兵庫県保険医協会

会員ページ 文字サイズ

兵庫保険医新聞

2021年9月15日(1984号) ピックアップニュース

尼崎支部 「クボタショック」から16年
尼崎市内のアスベスト被害が深刻化

 2005年に株式会社クボタ旧神崎工場で、工場従業員や周辺住民の大規模なアスベスト被害が明らかになった「クボタショック」から16年が経過したが、尼崎市内のアスベスト被害は深刻で、被害者は増加の一途をたどっている。
 今年8月3日にクボタが明らかにした石綿被害への救済金の支払いは365人に及び、クボタ従業員に補償した244人とあわせ、被害者は609人と、600人を超えた。

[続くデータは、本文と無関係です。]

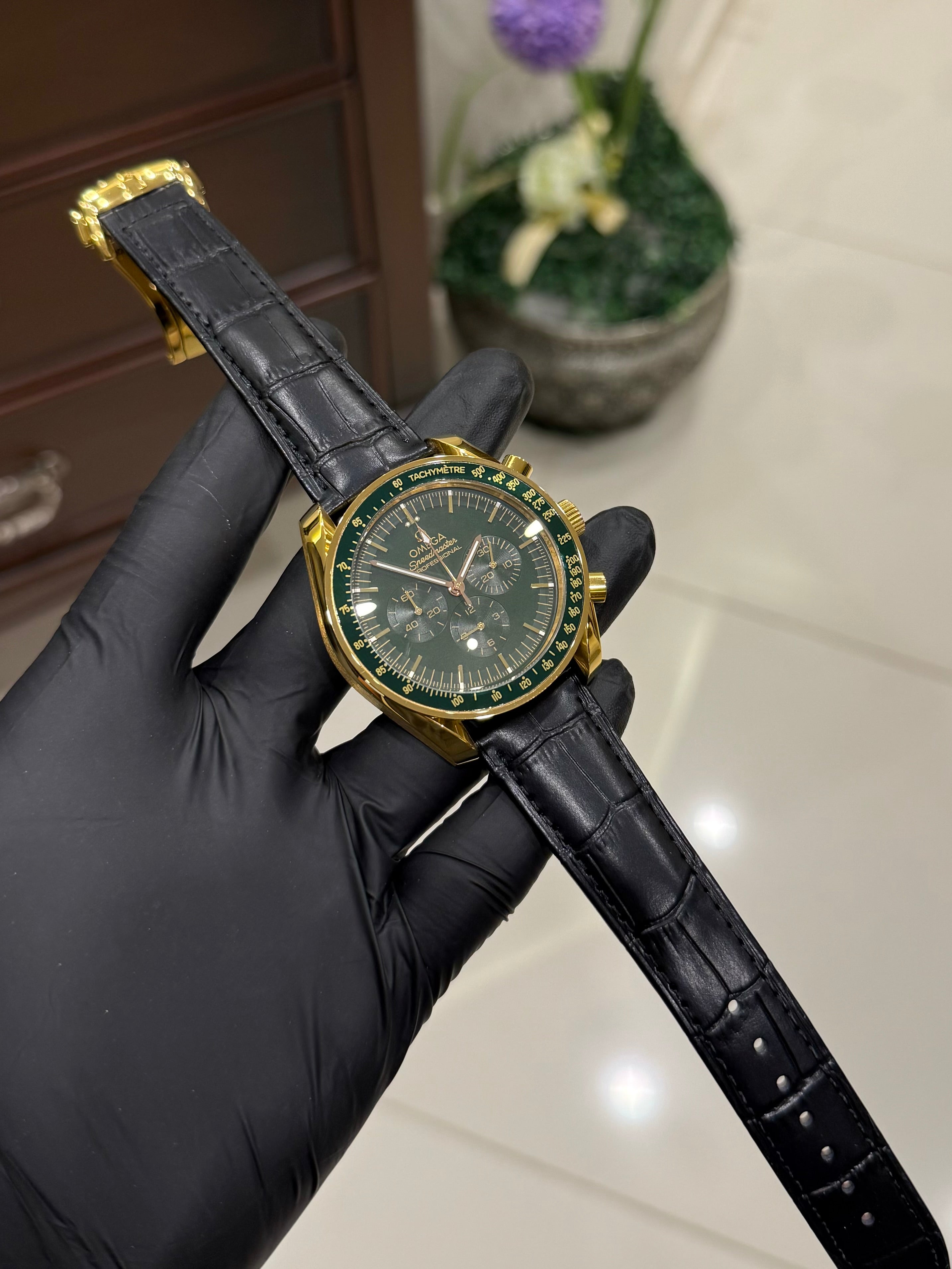 Omega Speedmaster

ただし、クボタは救済金支払い対象を、工場の半径1.5㎞以内に居住や通勤などの生活歴のある人と限定しており、実際の被害者数はこれをさらに上回ると考えられる。
 また現在も、尼崎市における中皮腫による死亡者数は全国平均の10倍以上となっており、アスベストの暴露を受けてから中皮腫や肺がんが発症するまで20年から50年を要することから、被害者は今後も増え続けることも想定される。
 協会尼崎支部も参加する「アスベスト被害からいのちと健康を守る尼崎の会」は、(1)クボタは責任を認めて被害者全員に謝罪して補償すること、(2)国は石綿救済法を抜本的に改善して認定基準の緩和や労災並みの補償をすること、(3)尼崎市は旧工場周辺に居住・通勤・通学していた住民へアスベストによる健康への影響を周知することなど、国とクボタの責任を問い、被害者の完全救済を求める運動を行っている。また被害者に寄り添った相談活動も行っているので、引き続き先生方のご理解とご協力をお願いしたい。